### Records from a dataset
_____
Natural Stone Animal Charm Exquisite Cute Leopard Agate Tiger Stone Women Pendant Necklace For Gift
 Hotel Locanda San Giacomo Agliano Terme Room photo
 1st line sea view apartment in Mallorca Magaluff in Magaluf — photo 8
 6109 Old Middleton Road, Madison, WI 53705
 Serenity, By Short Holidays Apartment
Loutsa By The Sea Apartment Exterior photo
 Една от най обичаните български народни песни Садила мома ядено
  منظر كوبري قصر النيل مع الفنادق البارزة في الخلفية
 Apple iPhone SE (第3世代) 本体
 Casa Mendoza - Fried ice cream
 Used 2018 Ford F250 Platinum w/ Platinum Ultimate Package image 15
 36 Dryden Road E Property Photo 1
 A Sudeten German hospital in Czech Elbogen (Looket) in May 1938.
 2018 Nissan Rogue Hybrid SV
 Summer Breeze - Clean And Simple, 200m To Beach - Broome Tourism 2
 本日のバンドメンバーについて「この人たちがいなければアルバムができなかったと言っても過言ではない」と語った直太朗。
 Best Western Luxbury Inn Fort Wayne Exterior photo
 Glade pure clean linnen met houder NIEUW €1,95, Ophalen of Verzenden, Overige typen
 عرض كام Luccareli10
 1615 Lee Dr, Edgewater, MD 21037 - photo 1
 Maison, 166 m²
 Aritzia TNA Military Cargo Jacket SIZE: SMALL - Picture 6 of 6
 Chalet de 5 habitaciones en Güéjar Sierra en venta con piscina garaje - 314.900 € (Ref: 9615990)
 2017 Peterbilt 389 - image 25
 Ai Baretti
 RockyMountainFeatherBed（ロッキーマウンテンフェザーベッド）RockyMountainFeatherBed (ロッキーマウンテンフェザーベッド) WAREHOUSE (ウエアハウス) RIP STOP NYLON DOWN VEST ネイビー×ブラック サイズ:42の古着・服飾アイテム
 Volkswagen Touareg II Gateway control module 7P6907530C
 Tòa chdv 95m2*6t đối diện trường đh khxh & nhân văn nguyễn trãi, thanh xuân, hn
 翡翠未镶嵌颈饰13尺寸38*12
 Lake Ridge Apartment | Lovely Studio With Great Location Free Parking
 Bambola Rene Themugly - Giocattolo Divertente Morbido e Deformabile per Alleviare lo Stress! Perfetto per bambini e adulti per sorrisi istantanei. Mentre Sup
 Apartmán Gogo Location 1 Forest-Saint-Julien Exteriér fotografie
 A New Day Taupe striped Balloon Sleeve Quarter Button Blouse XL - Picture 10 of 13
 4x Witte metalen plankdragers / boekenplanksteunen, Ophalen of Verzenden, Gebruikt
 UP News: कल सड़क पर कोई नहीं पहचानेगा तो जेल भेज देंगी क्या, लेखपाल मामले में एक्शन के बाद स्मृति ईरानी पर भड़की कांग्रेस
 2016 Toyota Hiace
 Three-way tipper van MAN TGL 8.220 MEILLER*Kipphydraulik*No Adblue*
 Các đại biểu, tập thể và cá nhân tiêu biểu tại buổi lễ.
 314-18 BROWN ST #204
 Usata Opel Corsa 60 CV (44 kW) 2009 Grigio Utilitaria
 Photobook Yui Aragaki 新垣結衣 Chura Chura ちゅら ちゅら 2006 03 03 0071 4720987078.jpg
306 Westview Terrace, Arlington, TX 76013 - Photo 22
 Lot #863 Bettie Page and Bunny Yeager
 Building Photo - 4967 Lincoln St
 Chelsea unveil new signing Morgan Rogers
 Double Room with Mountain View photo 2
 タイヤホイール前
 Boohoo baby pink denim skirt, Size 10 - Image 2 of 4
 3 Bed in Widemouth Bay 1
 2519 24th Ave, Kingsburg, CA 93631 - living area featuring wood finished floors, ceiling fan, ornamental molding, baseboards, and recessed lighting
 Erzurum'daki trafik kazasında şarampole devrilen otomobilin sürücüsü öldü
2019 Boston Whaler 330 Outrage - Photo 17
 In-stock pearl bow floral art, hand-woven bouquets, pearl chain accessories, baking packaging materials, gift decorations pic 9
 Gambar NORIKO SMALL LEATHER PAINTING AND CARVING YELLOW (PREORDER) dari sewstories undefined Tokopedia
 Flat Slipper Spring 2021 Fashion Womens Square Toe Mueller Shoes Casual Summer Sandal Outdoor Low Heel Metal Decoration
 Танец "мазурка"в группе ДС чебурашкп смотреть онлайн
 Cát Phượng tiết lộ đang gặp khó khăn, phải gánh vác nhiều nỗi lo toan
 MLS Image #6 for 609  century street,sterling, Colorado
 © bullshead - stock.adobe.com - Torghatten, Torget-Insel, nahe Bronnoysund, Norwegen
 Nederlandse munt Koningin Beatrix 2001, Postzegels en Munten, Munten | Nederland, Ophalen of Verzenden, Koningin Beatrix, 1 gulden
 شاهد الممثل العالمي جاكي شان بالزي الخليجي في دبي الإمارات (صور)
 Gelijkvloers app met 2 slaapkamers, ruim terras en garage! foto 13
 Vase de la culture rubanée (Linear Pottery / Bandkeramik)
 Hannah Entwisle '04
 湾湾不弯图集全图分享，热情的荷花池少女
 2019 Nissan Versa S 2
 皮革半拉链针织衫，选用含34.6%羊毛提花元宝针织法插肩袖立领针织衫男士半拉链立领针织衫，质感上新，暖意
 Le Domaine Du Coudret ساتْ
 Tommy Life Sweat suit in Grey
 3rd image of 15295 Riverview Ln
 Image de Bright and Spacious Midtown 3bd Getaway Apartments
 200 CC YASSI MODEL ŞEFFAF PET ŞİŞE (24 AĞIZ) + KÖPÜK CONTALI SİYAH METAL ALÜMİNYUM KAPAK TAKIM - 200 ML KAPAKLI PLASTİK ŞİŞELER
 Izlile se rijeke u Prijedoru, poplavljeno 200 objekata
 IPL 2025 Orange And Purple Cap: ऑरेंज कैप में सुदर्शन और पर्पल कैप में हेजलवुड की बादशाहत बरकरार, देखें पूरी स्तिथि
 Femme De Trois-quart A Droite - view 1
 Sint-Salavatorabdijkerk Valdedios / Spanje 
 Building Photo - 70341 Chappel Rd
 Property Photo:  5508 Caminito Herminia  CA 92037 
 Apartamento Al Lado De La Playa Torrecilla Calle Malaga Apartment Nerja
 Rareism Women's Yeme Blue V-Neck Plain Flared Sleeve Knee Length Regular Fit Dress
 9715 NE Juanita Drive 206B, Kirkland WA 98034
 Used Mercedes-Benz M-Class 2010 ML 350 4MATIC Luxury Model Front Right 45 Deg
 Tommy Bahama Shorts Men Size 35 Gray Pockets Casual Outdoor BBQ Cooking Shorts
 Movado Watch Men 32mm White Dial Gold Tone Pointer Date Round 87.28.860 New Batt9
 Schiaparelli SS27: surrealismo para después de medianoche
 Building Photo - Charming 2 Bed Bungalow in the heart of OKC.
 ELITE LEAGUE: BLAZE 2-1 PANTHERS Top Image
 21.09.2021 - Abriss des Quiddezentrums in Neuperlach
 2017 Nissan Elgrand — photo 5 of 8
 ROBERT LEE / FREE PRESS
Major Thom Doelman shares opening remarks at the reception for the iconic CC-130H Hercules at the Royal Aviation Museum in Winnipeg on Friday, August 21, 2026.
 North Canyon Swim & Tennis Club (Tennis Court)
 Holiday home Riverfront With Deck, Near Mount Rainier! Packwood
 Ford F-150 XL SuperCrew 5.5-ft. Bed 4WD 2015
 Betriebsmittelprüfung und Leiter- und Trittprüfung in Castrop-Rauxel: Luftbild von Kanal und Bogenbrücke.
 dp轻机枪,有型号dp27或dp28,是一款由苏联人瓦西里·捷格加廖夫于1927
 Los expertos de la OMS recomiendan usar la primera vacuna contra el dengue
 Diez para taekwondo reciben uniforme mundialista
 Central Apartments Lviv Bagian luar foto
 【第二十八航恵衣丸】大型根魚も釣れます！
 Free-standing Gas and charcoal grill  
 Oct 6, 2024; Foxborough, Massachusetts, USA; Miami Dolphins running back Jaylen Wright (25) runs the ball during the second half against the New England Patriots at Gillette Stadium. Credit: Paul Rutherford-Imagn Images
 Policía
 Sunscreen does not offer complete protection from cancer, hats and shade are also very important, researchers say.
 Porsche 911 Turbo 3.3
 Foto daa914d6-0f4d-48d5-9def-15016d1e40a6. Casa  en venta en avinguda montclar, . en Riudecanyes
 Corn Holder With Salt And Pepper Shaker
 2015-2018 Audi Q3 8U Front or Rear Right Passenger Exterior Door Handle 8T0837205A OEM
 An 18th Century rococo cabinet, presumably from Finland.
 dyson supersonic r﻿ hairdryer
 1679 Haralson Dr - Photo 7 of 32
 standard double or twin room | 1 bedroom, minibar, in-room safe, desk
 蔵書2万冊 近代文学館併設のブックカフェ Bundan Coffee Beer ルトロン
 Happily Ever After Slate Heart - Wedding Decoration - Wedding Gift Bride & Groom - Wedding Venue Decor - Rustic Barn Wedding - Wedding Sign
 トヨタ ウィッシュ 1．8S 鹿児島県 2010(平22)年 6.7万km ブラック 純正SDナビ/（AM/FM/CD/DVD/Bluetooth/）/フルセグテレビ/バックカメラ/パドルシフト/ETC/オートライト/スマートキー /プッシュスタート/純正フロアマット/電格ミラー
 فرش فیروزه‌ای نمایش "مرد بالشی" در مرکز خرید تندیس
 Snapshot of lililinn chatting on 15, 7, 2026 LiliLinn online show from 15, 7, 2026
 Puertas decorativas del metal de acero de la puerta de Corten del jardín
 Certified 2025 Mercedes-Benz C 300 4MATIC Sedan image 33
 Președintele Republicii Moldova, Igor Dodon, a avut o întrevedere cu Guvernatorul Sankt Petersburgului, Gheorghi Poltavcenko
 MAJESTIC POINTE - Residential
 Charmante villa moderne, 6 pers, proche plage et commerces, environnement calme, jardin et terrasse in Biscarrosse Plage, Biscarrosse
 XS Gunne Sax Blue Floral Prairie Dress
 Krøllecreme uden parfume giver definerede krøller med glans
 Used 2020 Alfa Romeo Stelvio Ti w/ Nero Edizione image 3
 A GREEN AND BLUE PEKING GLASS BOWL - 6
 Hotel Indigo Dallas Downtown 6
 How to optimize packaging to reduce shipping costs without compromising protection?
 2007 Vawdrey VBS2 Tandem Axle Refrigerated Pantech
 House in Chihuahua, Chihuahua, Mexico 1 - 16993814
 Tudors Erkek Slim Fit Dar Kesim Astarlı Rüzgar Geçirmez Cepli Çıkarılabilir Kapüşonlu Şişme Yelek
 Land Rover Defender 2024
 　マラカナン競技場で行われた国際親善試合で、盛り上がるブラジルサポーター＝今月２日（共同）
_____
### Goal of the exercise
Your task is to reproduce exactly the lines that begin at the line containing "XS Gunne Sax Blue Floral Prairie Dress" and end at the final line of the data above.

### Exercise response
 XS Gunne Sax Blue Floral Prairie Dress
 Krøllecreme uden parfume giver definerede krøller med glans
 Used 2020 Alfa Romeo Stelvio Ti w/ Nero Edizione image 3
 A GREEN AND BLUE PEKING GLASS BOWL - 6
 Hotel Indigo Dallas Downtown 6
 How to optimize packaging to reduce shipping costs without compromising protection?
 2007 Vawdrey VBS2 Tandem Axle Refrigerated Pantech
 House in Chihuahua, Chihuahua, Mexico 1 - 16993814
 Tudors Erkek Slim Fit Dar Kesim Astarlı Rüzgar Geçirmez Cepli Çıkarılabilir Kapüşonlu Şişme Yelek
 Land Rover Defender 2024
 　マラカナン競技場で行われた国際親善試合で、盛り上がるブラジルサポーター＝今月２日（共同）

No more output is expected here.